Can Runnin’ Rebels become great again?
February 27, 2018 3:00 AM
by Robert Mann
The transformation of Las Vegas into a “big league” sports city with the league-leading Vegas Golden Knights of the NHL and the soon-to-arrive Raiders of the NFL means trouble for UNLV athletics, because if the football and basketball teams don’t improve quickly, they soon may become an afterthought for local sports fans.
That, of course, would be a tragedy for Southern Nevada.
College athletics is not just the “Little Engine that Could,” from the 1930 children’s story used to teach the value of optimism and hard work.
A successful university sports program is the big economic engine that does!

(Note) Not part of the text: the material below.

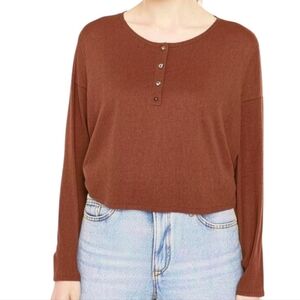 Women's Brown Long Sleeve Top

Coach Jerry Tarkanian’s Runnin’ Rebels basketball teams certainly put Las Vegas on the national sports map, generating massive countrywide publicity and providing the fuel for a local economic momentum that produced a significant amount of revenue for a host of area businesses, including the casino/resorts for which Las Vegas is most famous. The late, great Chick Hearn would even come in from Los Angeles and call the games for Los Angeles television outlets. The basketball program was a big, big deal for lots of reasons beyond its talented players.
Those late night games in the East helped grow Las Vegas as viewers would stay up late and dream about being here, going to a game and taking a shot at the tables. Even on television, those UNLV games could get your blood percolating. You know what I mean.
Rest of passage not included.